Rajaji tendered his official resignation from the Indian National Congress and along with a number of other dissidents organised the Congress Reform Committee (CRC) in January 1957. K. S. Venkatakrishna Reddiar was elected President and the party fielded candidates in 55 constituencies in the 1957 state assembly elections, to emerge as the second largest party in Madras state with 13 seats in the legislative assembly. The Congress Reform Committee also contested 12 Lok Sabha seats during the 1957 Indian elections. The committee became a fully-fledged political party and was renamed the Indian National Democratic Congress at a state conference held in Madurai on September 28–29, 1957.

On June 4, 1959, shortly after the Nagpur session of the Indian National Congress, Rajaji, along with Murari Vaidya of the newly established Forum of Free Enterprise (FFE) and Minoo Masani, a classical liberal and critic of socialist Nehru, announced the formation of the new Swatantra Party at a meeting in Madras. Conceived by disgruntled heads of former princely states such as the Raja of Ramgarh, the Maharaja of Kalahandi and the Maharajadhiraja of Darbhanga, the party was conservative in character. Later, N. G. Ranga, K. M. Munshi, Field Marshal K. M. Cariappa and the Maharaja of Patiala joined the effort. Rajaji, Masani and Ranga also tried but failed to involve Jayaprakash Narayan in the initiative.

In his short essay "Our Democracy", Rajaji explained the necessity for a right-wing alternative to the Congress by saying:

since... the Congress Party has swung to the Left, what is wanted is not an ultra or outer-Left, but a strong and articulate Right

Rajaji also insisted that the opposition must:

operate not privately and behind the closed doors of the party meeting, but openly and periodically through the electorate.

He outlined the goals of the Swatantra Party through twenty one "fundamental principles" in the foundation document.
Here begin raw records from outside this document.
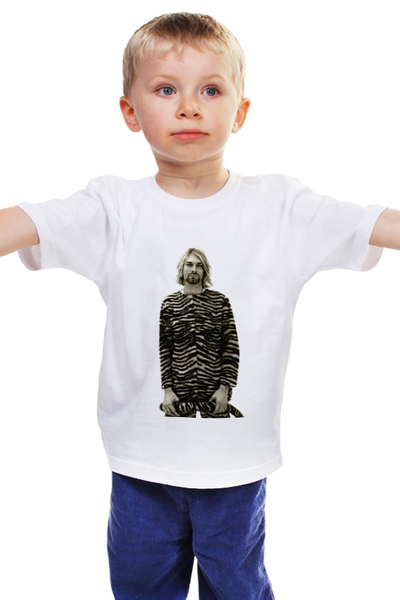 Заказать детскую футболку в Москве. Детская футболка классическая унисекс Курт Кобейн  от rancid - готовые дизайны и нанесение принтов.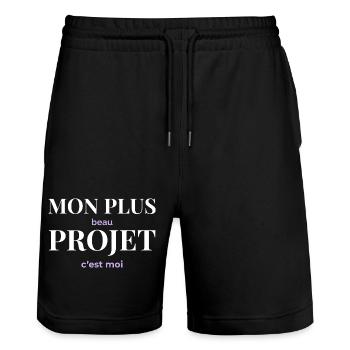 Mon Plus Beau Projet — C'est Moi - Short de jogging bio TRAINER Stanley/Stella unisexe - noir - Devant - Nik (191cm) & Marisol (170cm)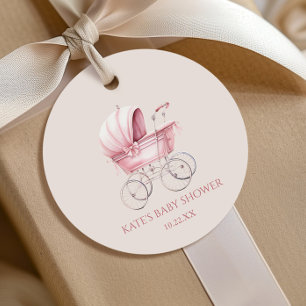 Elegant Roze Baby Carriage Baby shower Bedankjes Labels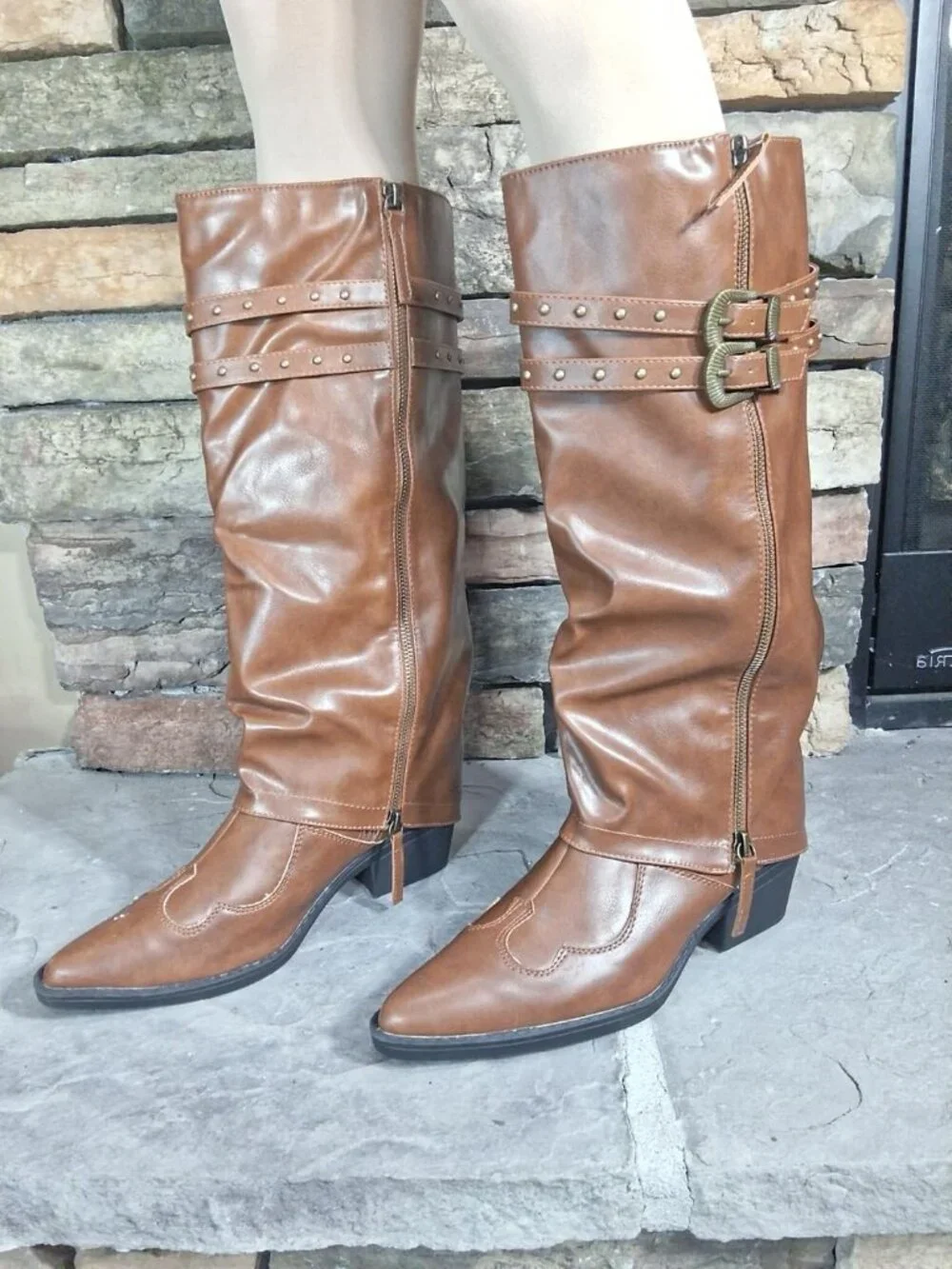 Women's Brown pu Manmade Knee High Fold Over Studded Chunky Heel Shark Boots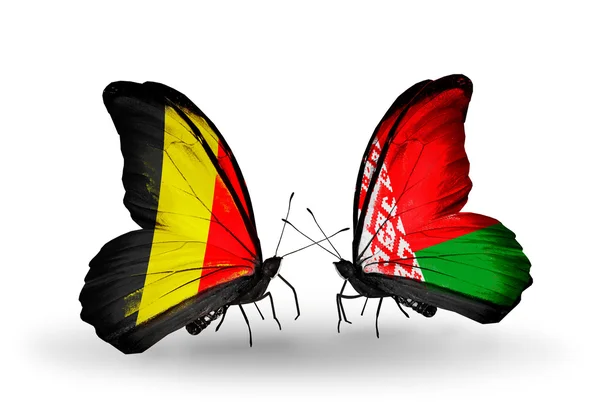 Fjärilar med Belgien och Vitryssland flaggor på vingar — Stockfoto
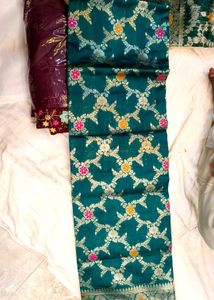 Elegant Teal Brocade Silk Saree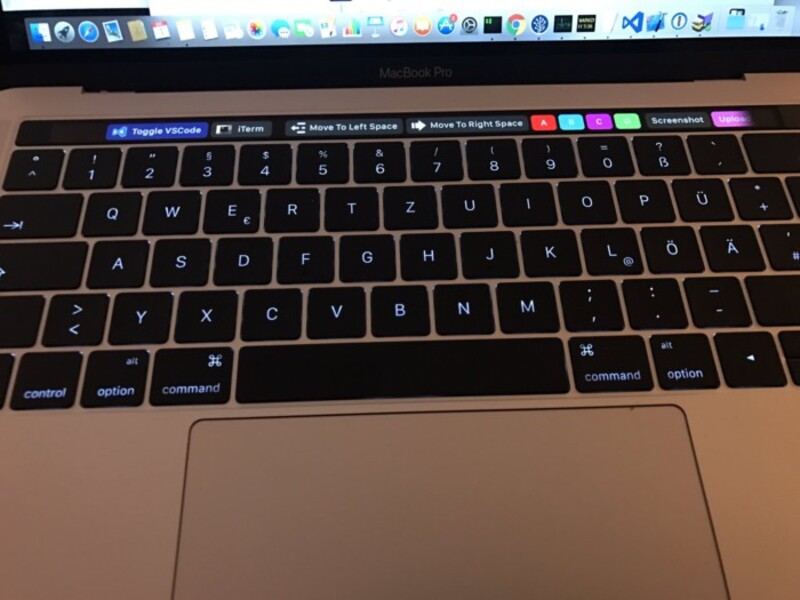 Illustration : Luminar et BetterTouchTool affichent des raccourcis sur la Touch Bar des MacBook Pro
The party stood for equality and opposed government control over the private sector. Rajaji sharply criticised the bureaucracy and coined the term "license-permit Raj" to describe Nehru's elaborate system of permissions and licenses required for an individual to set up a private enterprise. Rajaji's personality became a rallying point for the party.

Rajaji's efforts to build an anti-Congress front led to a patch up with his former adversary C. N. Annadurai of the Dravida Munnetra Kazhagam. During the late 1950s and early 1960s, Annadurai grew close to Rajaji and sought an alliance with the Swatantra Party for the 1962 Madras legislative assembly elections. Although there were occasional electoral pacts between the Swatantra Party and the Dravida Munnetra Kazhagam (DMK), Rajaji remained non-committal on a formal tie-up with the DMK due to its existing alliance with Communists whom he dreaded. The Swatantra Party contested 94 seats in the Madras state assembly elections and won six as well as won 18 parliamentary seats in the 1962 Lok Sabha elections.

India's use of military force against Portugal to capture the Portuguese enclave of Goa was criticised by Rajaji who said of the operation and subsequent acts of international diplomacy, "India has totally lost the moral power to raise her voice against the use of military power."